Bumblebee (Local Models via Nx)

Run models locally with Bumblebee:

# Start the serving in your application supervisor
{:ok, _} = Bumblebee.Text.Generation.serving(model_info, tokenizer, generation_config)

llm = fn %{system: system, messages: messages} ->
  prompt = format_chat_prompt(system, messages)

  case Nx.Serving.batched_run(MyApp.LLMServing, prompt) do
    %{results: [%{text: text}]} -> {:ok, text}
    error -> {:error, error}
  end
end

Instructor (Structured Output)

Instructor specializes in structured output, which pairs well with text-mode SubAgents:

defmodule MyApp.InstructorAdapter do
  @behaviour PtcRunner.LLM

  @impl true
  def call(model, %{schema: schema} = req) when is_map(schema) do
    messages = [%{role: "system", content: req.system} | req.messages]

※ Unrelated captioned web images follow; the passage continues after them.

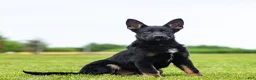 German Shepherd dogs for sale: Shane German Shepherd Puppy  - Ad 2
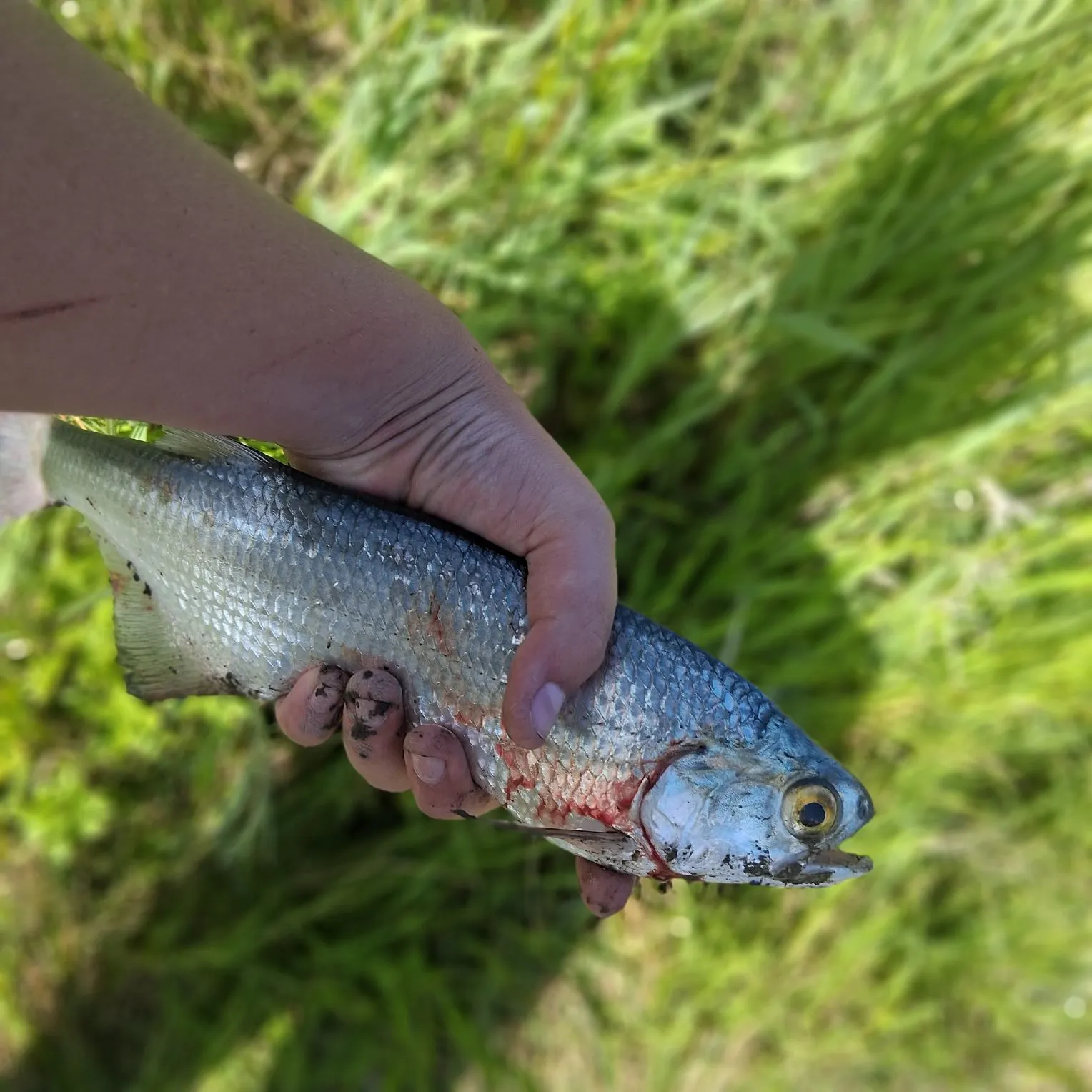 The most recent Goldeye catches on Fishbrain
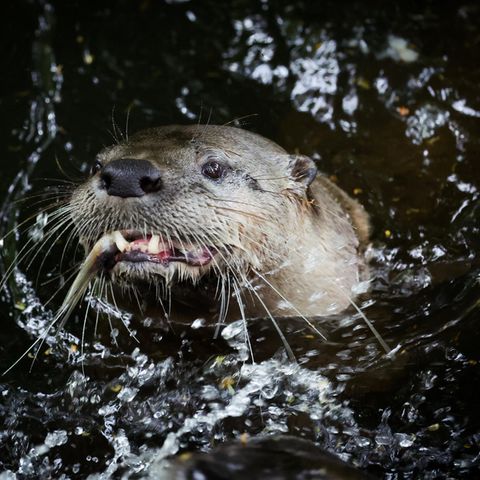 Otter mit einem Fisch im Maul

    case Instructor.chat_completion(model: model, messages: messages, response_model: schema) do
      {:ok, result} ->
        {:ok, %{content: Jason.encode!(result), tokens: %{}}}

      {:error, reason} ->
        {:error, reason}
    end
  end

  def call(model, req) do
    # Fall back to plain text generation for non-schema requests
    # ...
  end
end

Adapter Resolution

When you call PtcRunner.LLM.callback/2 or PtcRunner.LLM.call/2, the adapter is resolved in this order:

config :ptc_runner, :llm_adapter, MyApp.LLMAdapter — explicit config
PtcRunner.LLM.ReqLLMAdapter — auto-discovered when req_llm is in deps
Raises with setup instructions if neither is available

This means adding {:req_llm, "~> 1.2"} to your deps is all you need — no config required.